Prevention of statelessness

In addition to the prohibition on arbitrary deprivation of nationality, the 1961 Convention on the Reduction of Statelessness provides additional guidance on situations in which nationality must not be withdrawn: states must not "deprive a person of his nationality if such deprivation would render him stateless."[28] To the contrary, article 1 of the convention stipulates that a state "shall grant its nationality to a person born in its territory who would otherwise be stateless."[29] The convention also declares that states must not "deprive any person or group of persons of their nationality on racial, ethnic, religious or political grounds" and that a "transfer of territory shall include provisions designed to ensure that no person shall become stateless as a result of the transfer."[30] Jordan has not yet acceded to this convention. It is, however, a party to the Convention on the Rights of the Child, which requires it to "respect the right of the child to preserve his or her identity, including nationality."[31]

Jordanians of Palestinian origin whose nationality is withdrawn become stateless because, under international law, Palestine in 2009 is not a state and has not been one at any time since Jordan's independence.[32]

While it is true that HRW's legal arguments are a bit of a stretch - as they mention, Jordan never accepted the Convention on the Reduction of Statelessness and indeed most nations did not, including the US (Israel did) - nevertheless it is interesting that HRW is using it as a basis for an argument that what Jordan is doing is wrong.

Because by that very same argument, every Arab country is equally wrong by refusing to grant citizenship to people of Palestinian origin born in their countries - who now number in the millions.
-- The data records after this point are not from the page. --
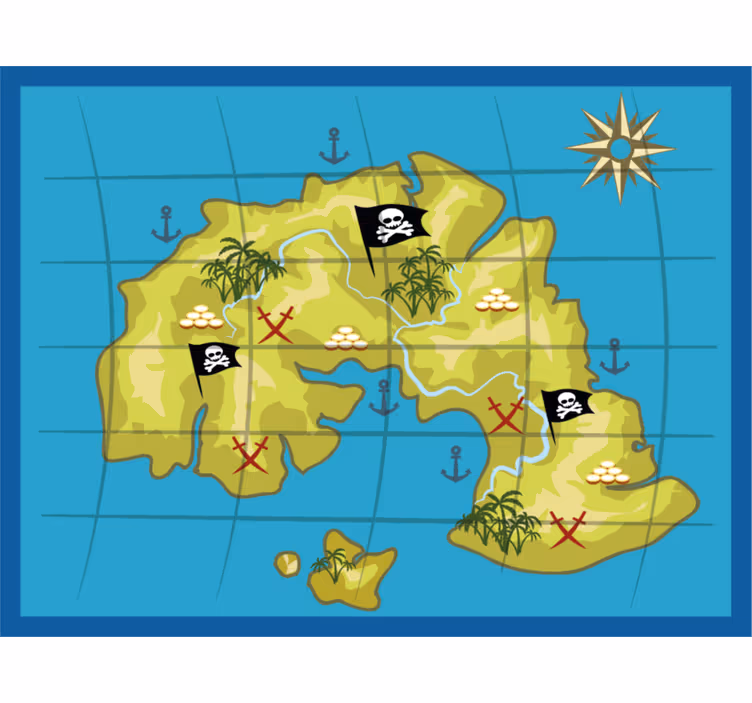 Lapsen seikkailukarttarullaverho - Tenstickers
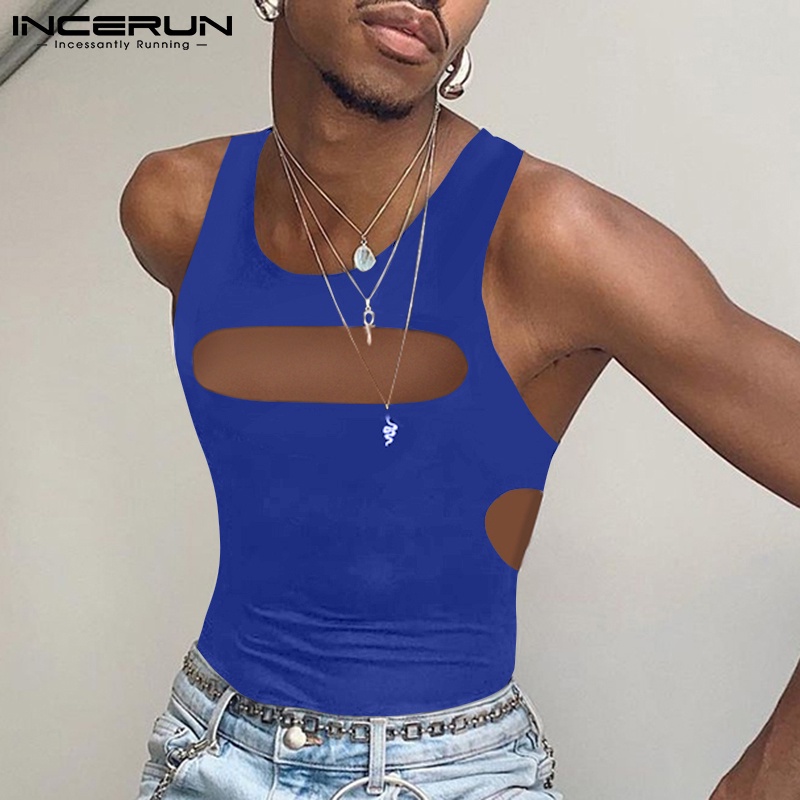 Áo ba lỗ INCERUN không tay dệt rỗng ôm dáng vừa vặn màu trơn cho nam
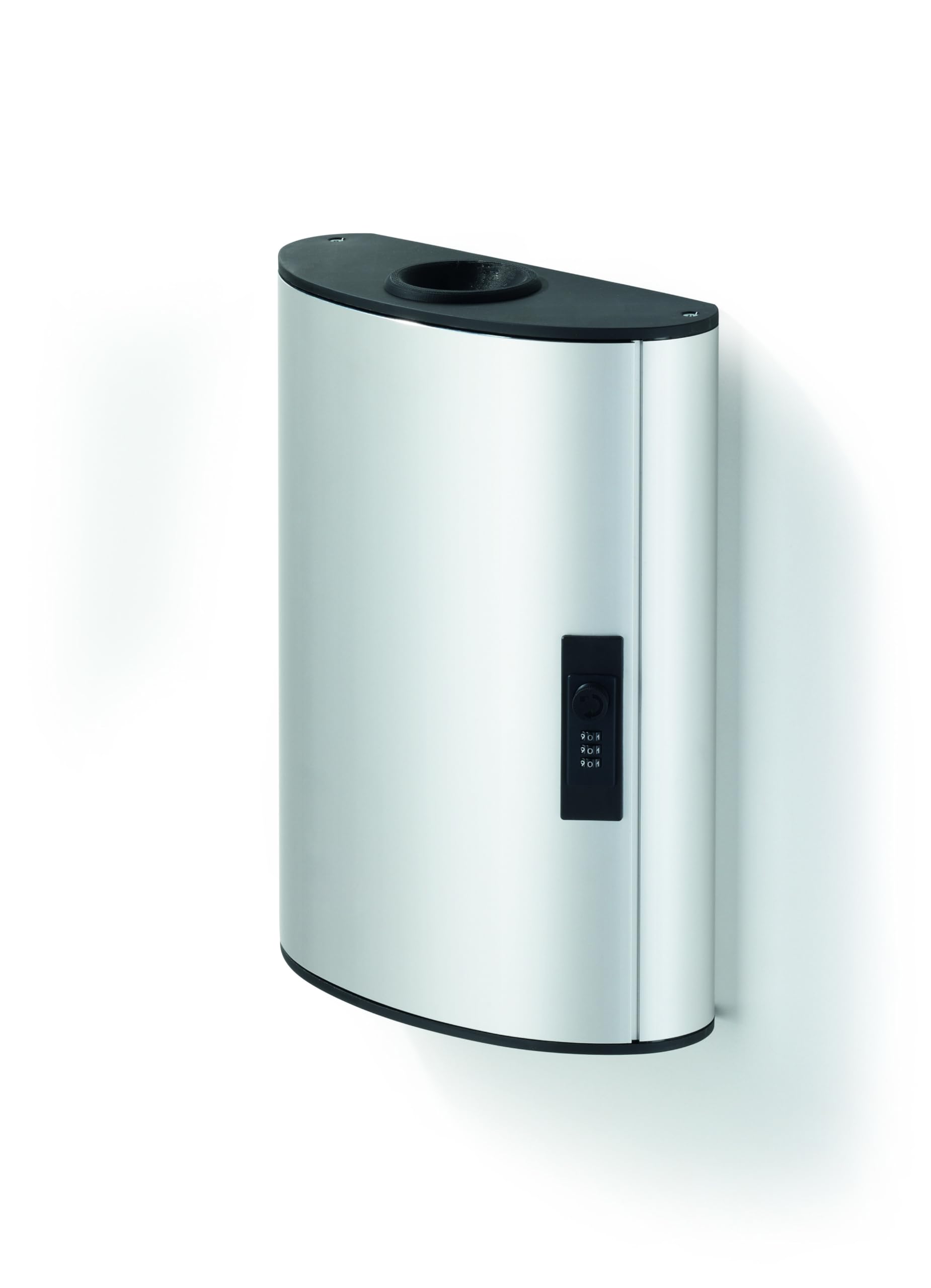 Durable Key Safe Box Plus - Wall Mounted Combination Lock Key Holder Cabinet for up to 54 Key Clip Keys with aditional key drop off slot - Aluminium Keysafe including 6 Key Clip Tags, Silver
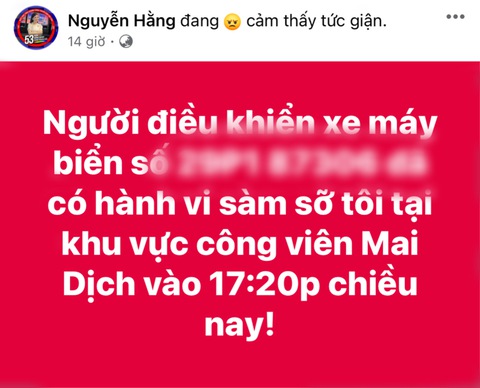 Chị ruột Hoà Minzy bức xúc đăng đàn tố cáo vì bị 1 kẻ lạ sàm sỡ khi đang chạy bộ- Ảnh 1. Chị ruột Hoà Minzy bức xúc đăng đàn tố cáo vì bị 1 kẻ lạ sàm sỡ khi đang chạy bộ- Ảnh 1.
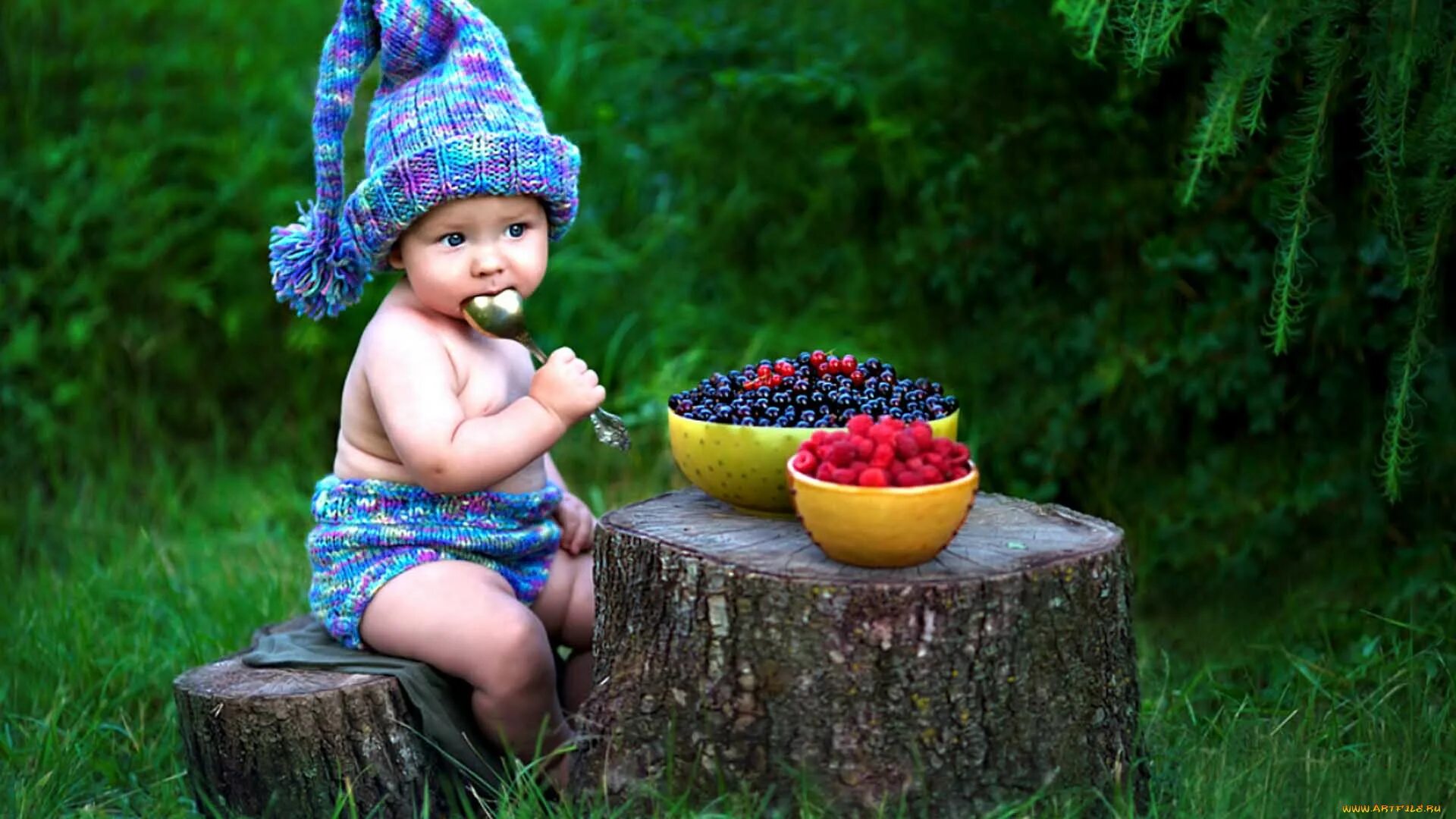 Малыш на природе. Детская фотосессия на природе летом. Ягоды для детей.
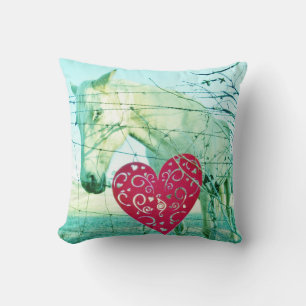 White Horse Red Heart Cushion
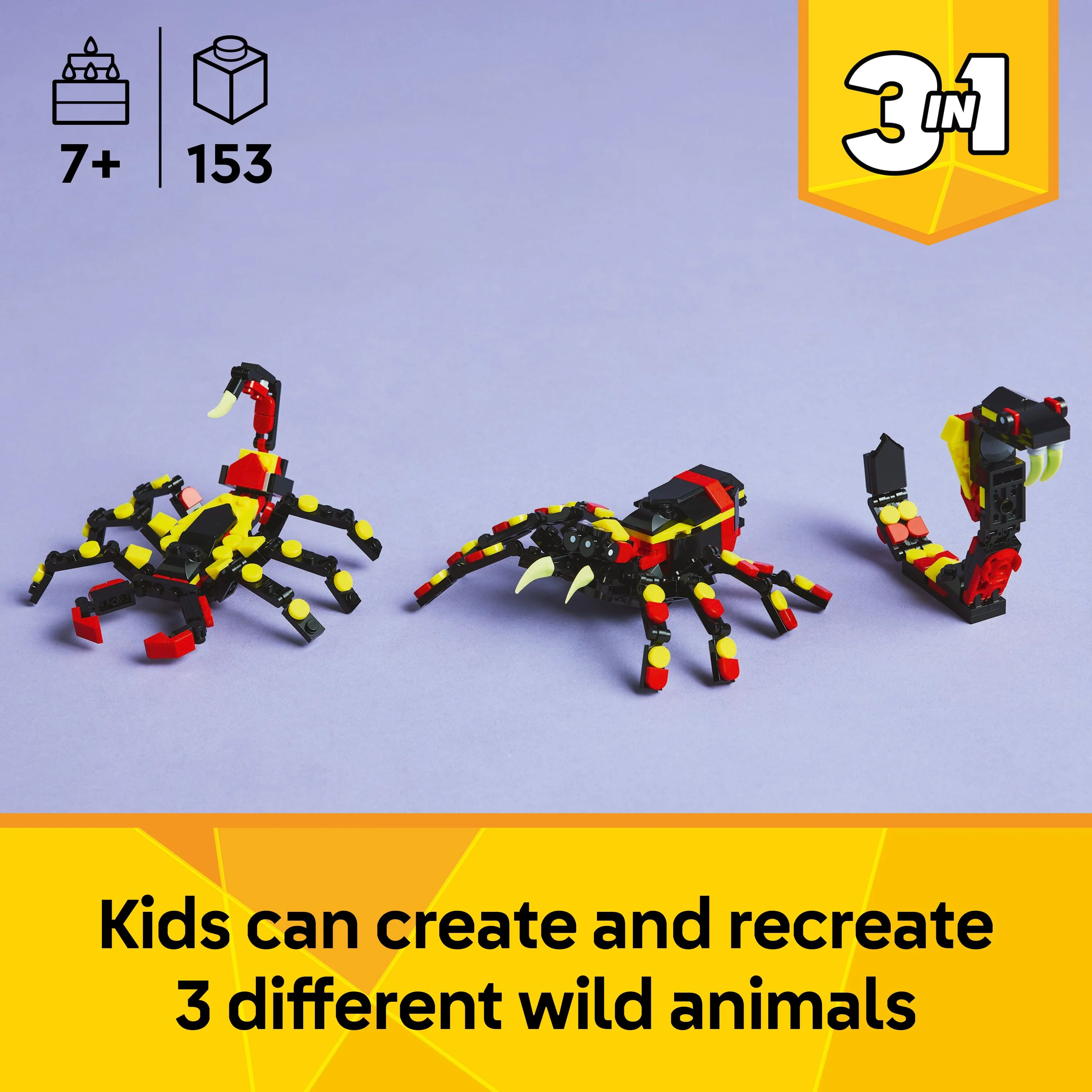 LEGO Creator 3 in 1 Wild Animals Surprising Spider Building Toy 31159 - Image 5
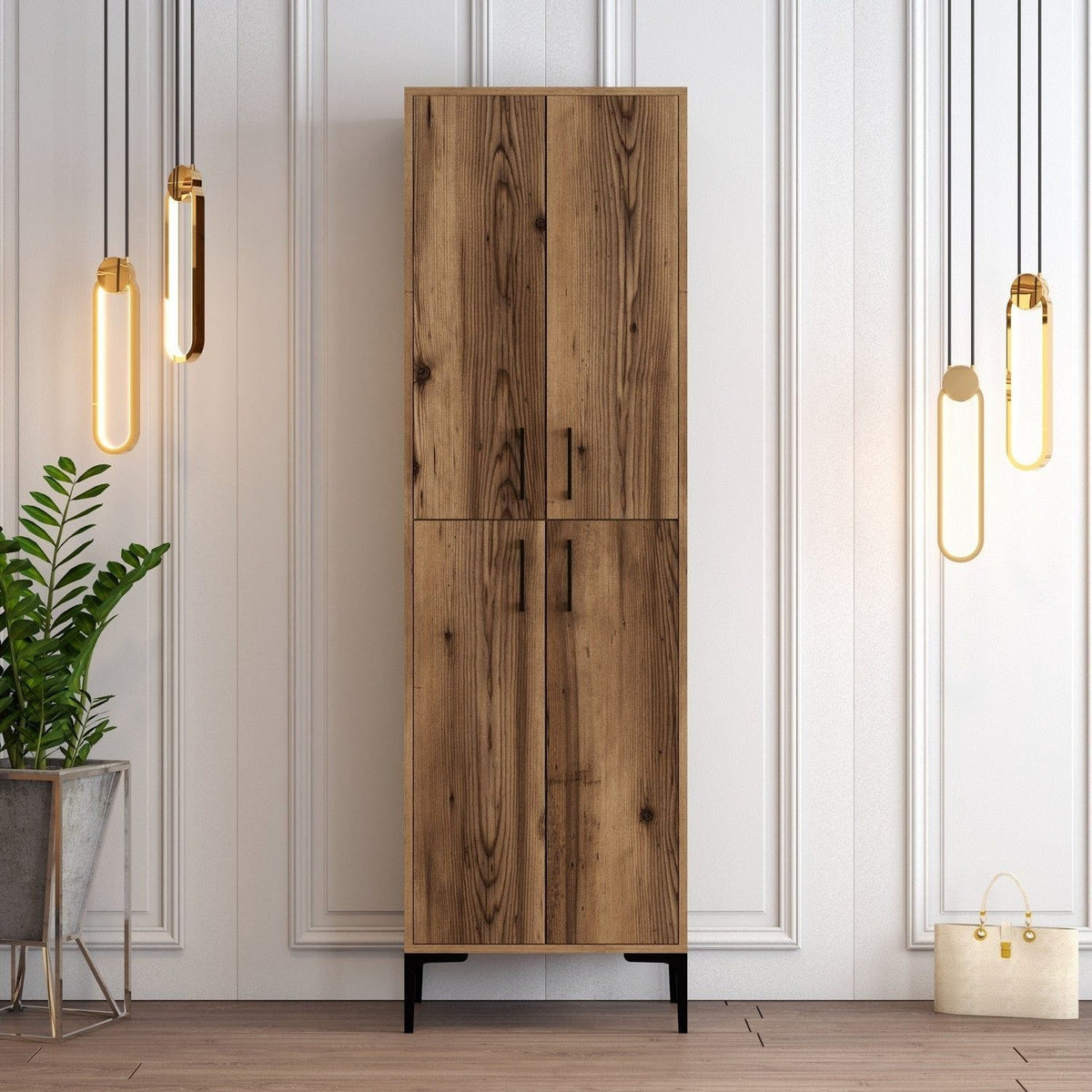 Pantofar BERLIN A, nuc, PAL melaminat/metal, 60x35x200 cm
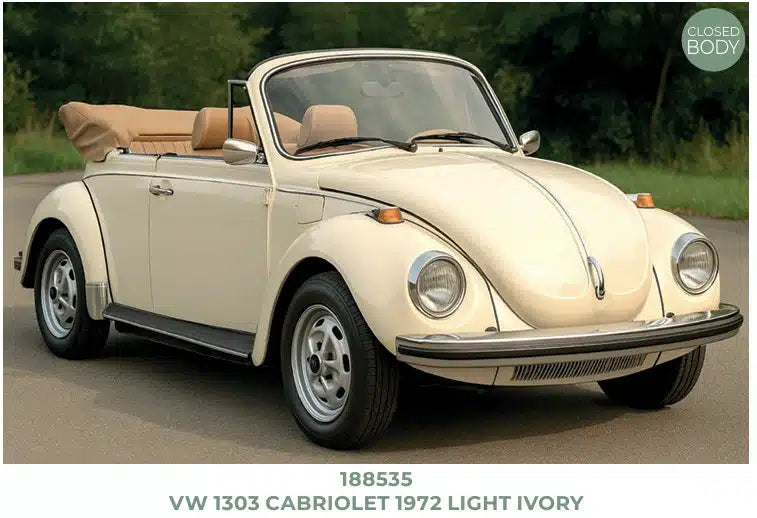 Norev 1:18 Scale Diecast Model Car - 1972 Volkwagen 1303 Cabriolet, Light Ivory - 188535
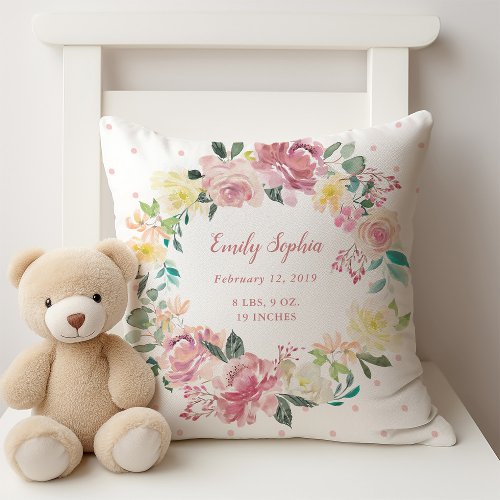 Watercolor Floral Wreath  Baby Girl Birth Stats Throw Pillow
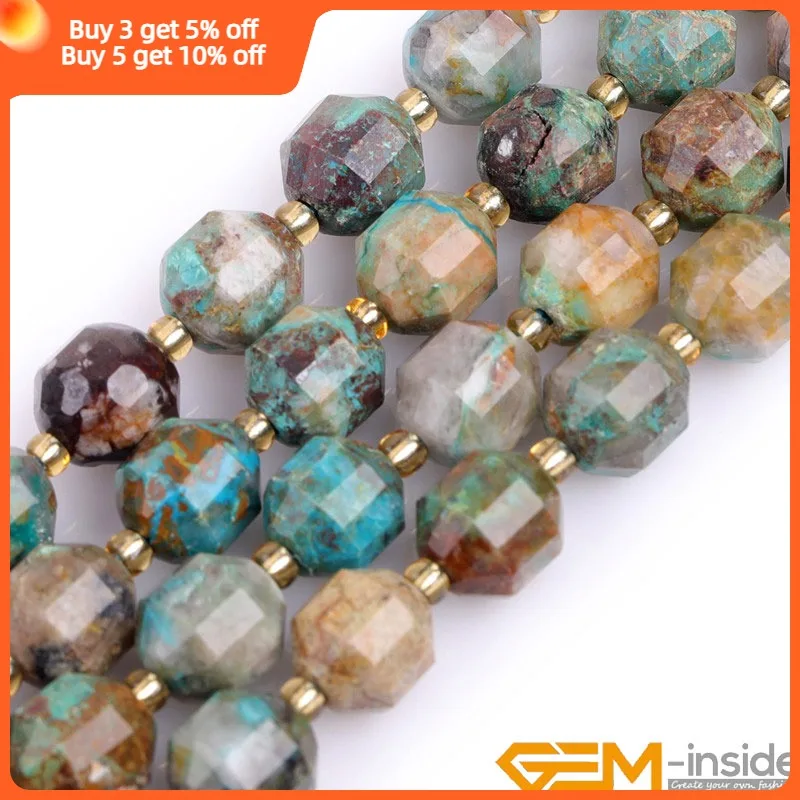 8/10/12mm Bicone Hand Faceted Burmese Jades Turquoises Natural Beads For Jewelry Making Adults Bulk Full 15\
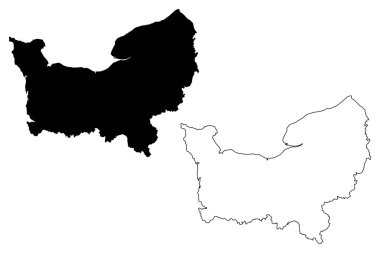 Normandiya (Fransa, yönetim bölgesi) harita vektör çizim, karalama taslak Normandy harita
Not only is the Convention on the Reduction of Statelessness being violated, but also the Convention on the Rights of the Child, which states:
Article 7

1. The child shall be registered immediately after birth and shall have the right from birth to a name, the right to acquire a nationality and. as far as possible, the right to know and be cared for by his or her parents.

2. States Parties shall ensure the implementation of these rights in accordance with their national law and their obligations under the relevant international instruments in this field, in particular where the child would otherwise be stateless.

Article 8

1. States Parties undertake to respect the right of the child to preserve his or her identity, including nationality, name and family relations as recognized by law without unlawful interference.

As HRW notes earlier, "Palestine" is not a nation that is recognized under international law, which means that between the two conventions, every Arab nation is violating international law by refusing to allow children of Palestinian Arab origin to become citizens. (Even if you expand the definition of "nationality" and "identity" to include Palestinian Arabs, keeping children stateless is proscribed in this Convention.) Practically every nation on the planet has ratified the Convention on the Rights of the Child. (Somalia and the US are the only exceptions, UNICEF explains why here.)

Human Rights Watch is not afraid to take on Jordan in defense of Palestinian Arab rights to a nationality. Do they have the guts to take on the entire Arab world - including the Palestinian Arab leadership who oppose the naturalization of their own people in other countries, against their will?

The legal and moral arguments are identical. But it is a lot less politically correct.